I have implemented NAG following this tutorial
http://cs231n.github.io/neural-networks-3/#ada
It works, in fact with mu = 0.95 I get a good speed-up in learning compared to standard gradient descent, but I am not sure I implemented it correctly. I have a doubt about the gradient estimate I am using.

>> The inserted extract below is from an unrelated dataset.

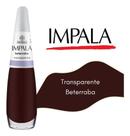Esmalte Impala Beterraba 7,5 Ml Com 6 Unidades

This is the matlab code:
% backup previous velocity
vb_prev = nn.vb{l};
vW_prev = nn.vW{l};
% update velocity with adapted learning rates
nn.vb{l} = nn.mu*vb_prev - lrb.*nn.db{l};
nn.vW{l} = nn.mu*vW_prev - lrW.*nn.dW{l};
%update weights and biases
nn.b{l} = nn.b{l} - nn.mu*vb_prev + (1 + nn.mu)*nn.vb{l};
nn.W{l} = nn.W{l} - nn.mu*vW_prev + (1 + nn.mu)*nn.vW{l};
which is exactly what is written in the tutorial. db and dW are my gradient estimates, but I am not sure if they are correct since I estimate them at W, not at W_ahead = W + mu*v.
Should I change something before forward and back-propagation to have a different gradient estimate? Or is NAG correct like this?
It works, but I would like to have a correct implementation of NAG.
Any help is appreciated, thank you very much!